[GOAL OF THE EXERCISE]
All that is wanted is a word-for-word copy of the line with "this 845×633 image." and every line after it in the data below.
- - - - - - -
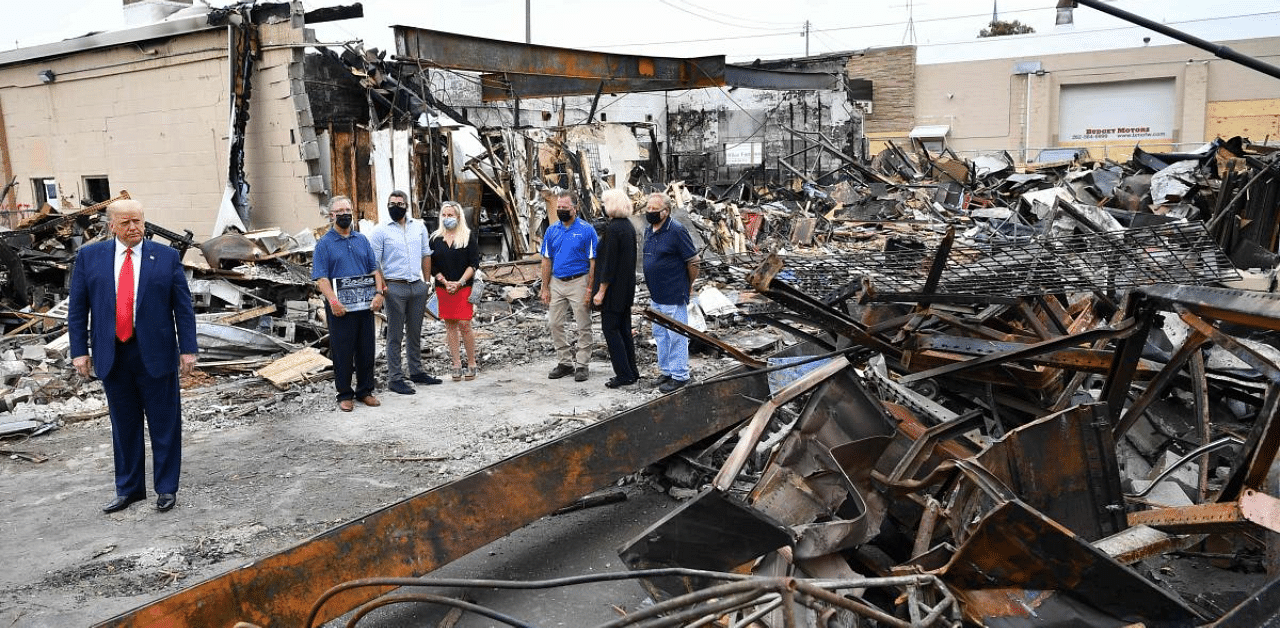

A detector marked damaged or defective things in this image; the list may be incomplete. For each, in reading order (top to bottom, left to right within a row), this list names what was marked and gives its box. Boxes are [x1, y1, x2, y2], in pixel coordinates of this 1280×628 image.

rusty steel beam [394, 26, 727, 90]
rusty steel beam [94, 365, 768, 626]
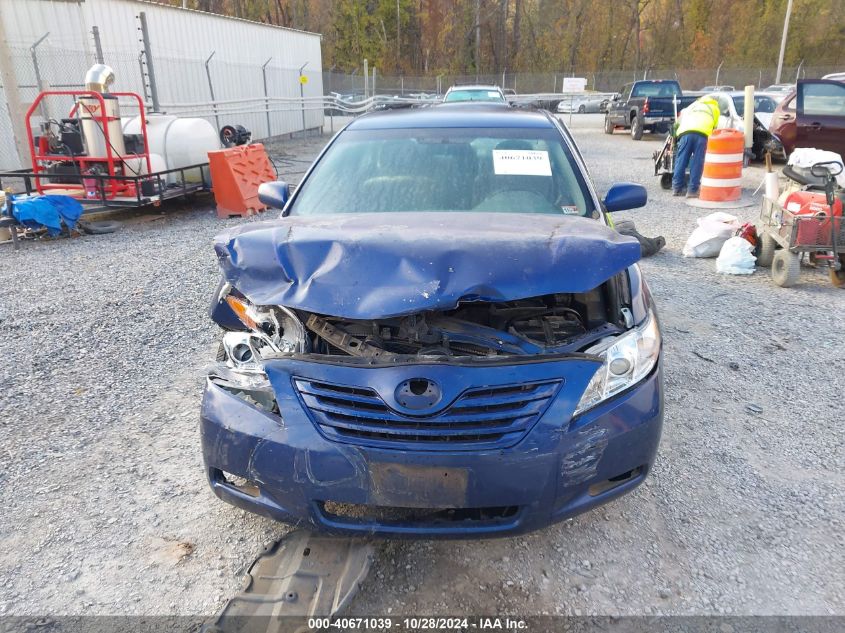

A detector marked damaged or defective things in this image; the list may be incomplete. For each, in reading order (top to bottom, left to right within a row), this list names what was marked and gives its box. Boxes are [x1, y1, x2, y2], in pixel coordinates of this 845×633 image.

crumpled hood [213, 212, 640, 318]
damaged blue toyota camry [201, 105, 664, 540]
shattered headlight [572, 310, 660, 418]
- - - - - - -
[EXPECTED ANSWER]
A detector marked damaged or defective things in this image; the list may be incomplete. For each, in reading order (top to bottom, left to right within a row), this list names what was marked and gives its box. Boxes are [x1, y1, x2, y2], in pixel coordinates of this 845×633 image.

crumpled hood [213, 212, 640, 318]
damaged blue toyota camry [201, 105, 664, 540]
shattered headlight [572, 310, 660, 418]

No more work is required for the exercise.